Anyway a well placed (mountains and wonders or at least districts and trees) holy site with trade routes going through it will get you max 15 FPT (+1 for each trade route past the first). That's a specialist (2) a shrine (2) a temple (4) an adjacent 1 tile natural wonder (2) 4 adjacent mountains (4) and 1 for each trade route. You will never have a +6 adjacency bonus but you will almost definitely have at least 2 trade routes going through so 15 is a good average. Lots of tile improvements and luxuries give you faith, some of them like the colossal heads absurd faith (and tourism). Even with an AI, faith/cash playstyles play wide even when the AI is doing it at least so all the city-states are reachable, so you'll have added passive income beyond roughly 50 FPT/city and a lot of cities by midgame. Additionally your delegates - and thanks to medieval faires delegate spam is how basically everyone jump starts their midgame economy - are grabbing you 6 faith (with diplomatic quarter) from religious city states. All of this hasn't even taken into account religious buildings so add another 3 to each city I just mentioned. What I'm saying is several hundred FPT even on quick speed is easily feasible. And since cost increases comparing marathon to internet speed are just 6:1 and you increase faith output much more than 6 times as fast, especially once you have traders, this means that the faster the game speed, the more faith you effectively have; things are 1/6th the price but you have much more than 1/6th the output when 1/6th the turns have passed.

What I'm saying is apostle spam is realistic and something I and other players do frequently.

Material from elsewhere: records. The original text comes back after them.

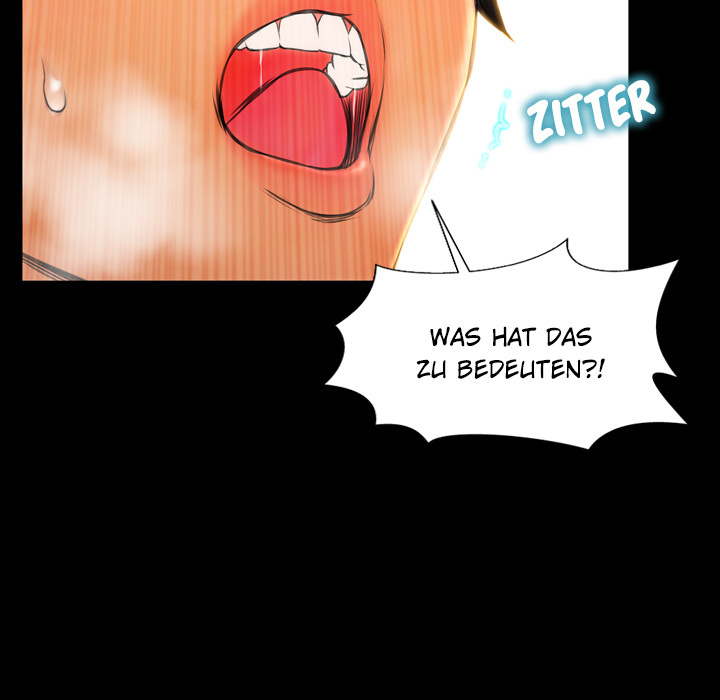 Ihr Spielzeugladen - episode 51 - 51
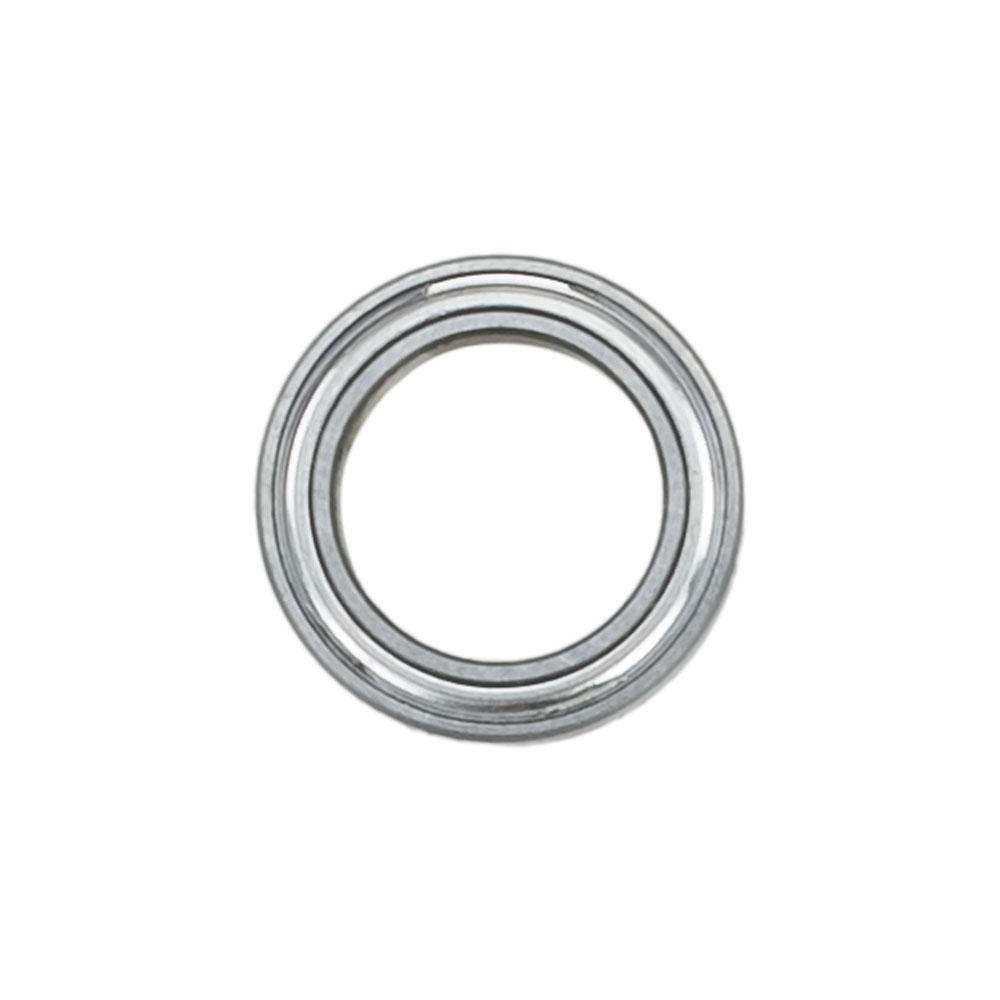 https://attachments.linkint.com.au/products/images_large/150717.jpg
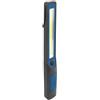 Ansmann Ansmann Torcia da officina Wl250B slim
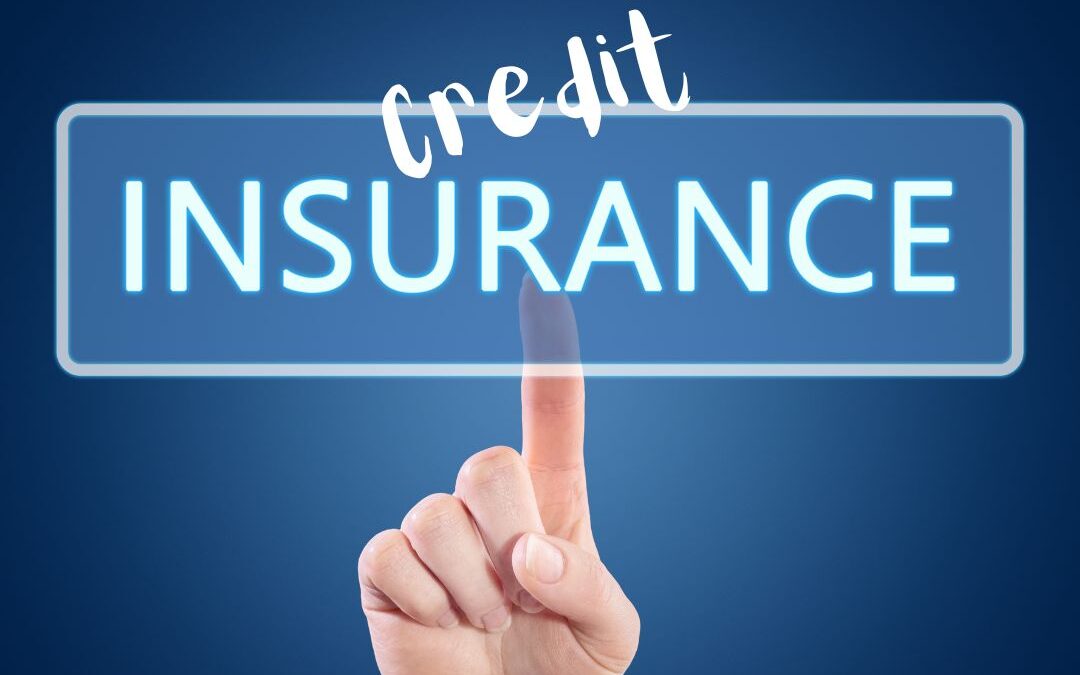 Use Insurance to Improve Your Bank Financing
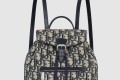 [DIOR-디올]키즈 백팩 M1536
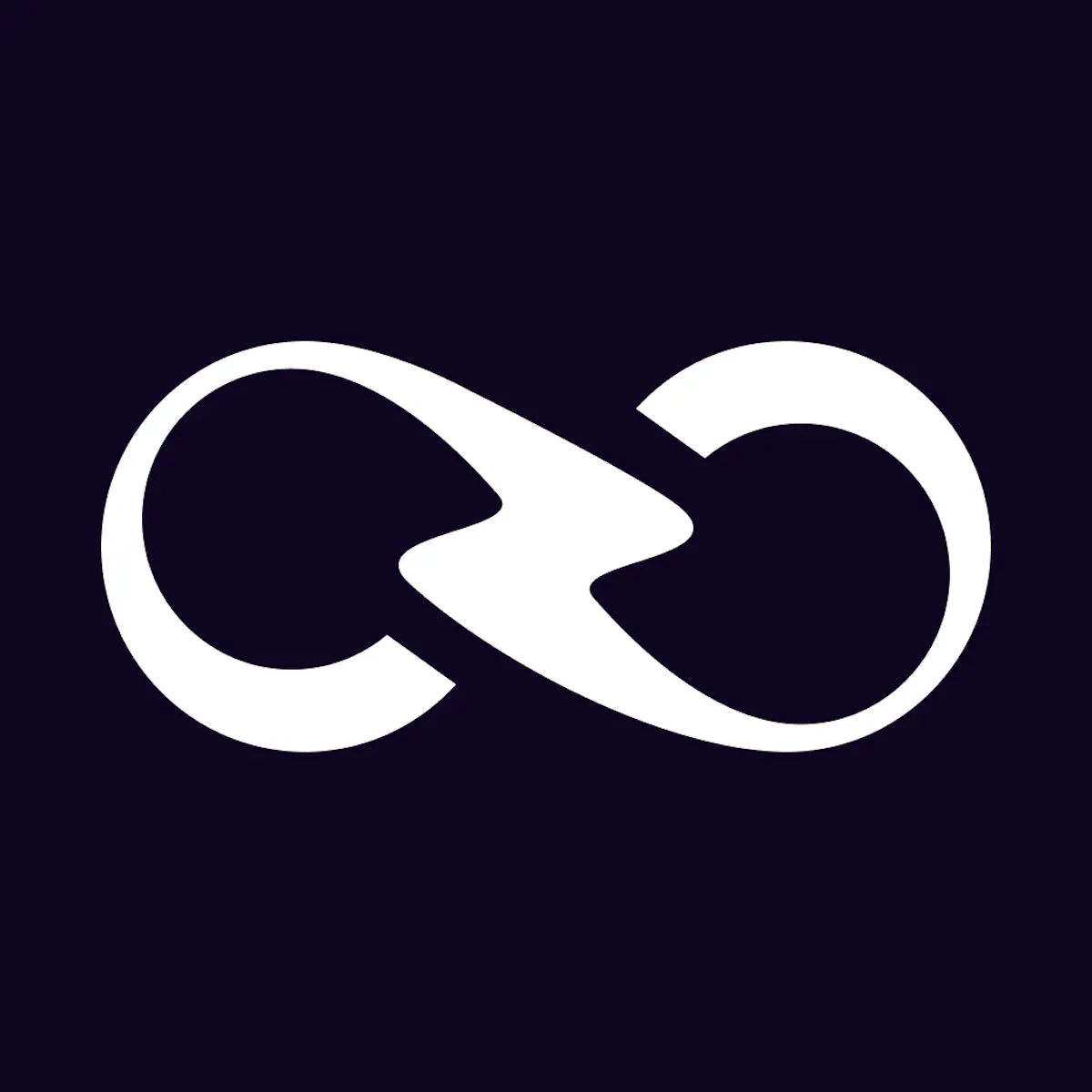 ZooData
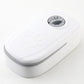 Automatic Pet Feeder Smart Food Dispenser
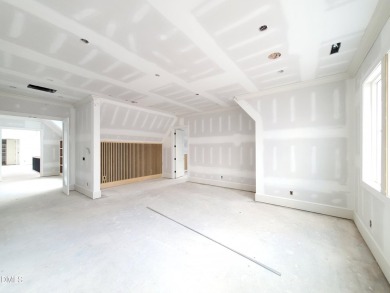 Announcing our newest address for luxury - Sanctuary at Falls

Or at least used to before things like voidsingers were introduced to the game. Even with secret societies though if you're playing owls, or even without a society if your leader gives you any kind of faith... basically there are a lot of ways to produce a ridiculous amount of money and faith and in civ 6 money and faith are how you win. So we should not be surprised when the AI is doing it.

Honestly... in the late game the AI can't really keep up. Don't even bother with the inquisitor strategy people usually recommend. Keep a buff apostle or two in your city and wait for the AI to spam you and kill their apostles, each one that dies gives you more you-faith and keeps the AI busy feeding more hamburger into your meatgrinder. I consider manipulating a faith-happy AI the 2nd easiest way to win, 2nd only to slowing the game down to marathon speed and focusing on diplomacy (which was easy mode for deity victories in civ 5 as well).

So I guess TL;DR if you want the AI to get less spammy and want your religion to have a chance to survive without you having to devote a lot of attention to it, just slow the game speed down to marathon and make the apostles effectively dramatically more expensive.

Bear in mind though that all units move 6 times as fast in marathon speed.
 
It's not that much. I always have a lot more missionaries than AI.

The real reason they have tons of apostles is because 1) they rarely die as they retreat as soon as HP is low, and 2) they're rarely used to convert. Once you start killing them, you'd realize AI's capability to replenish religious units is no better than yours.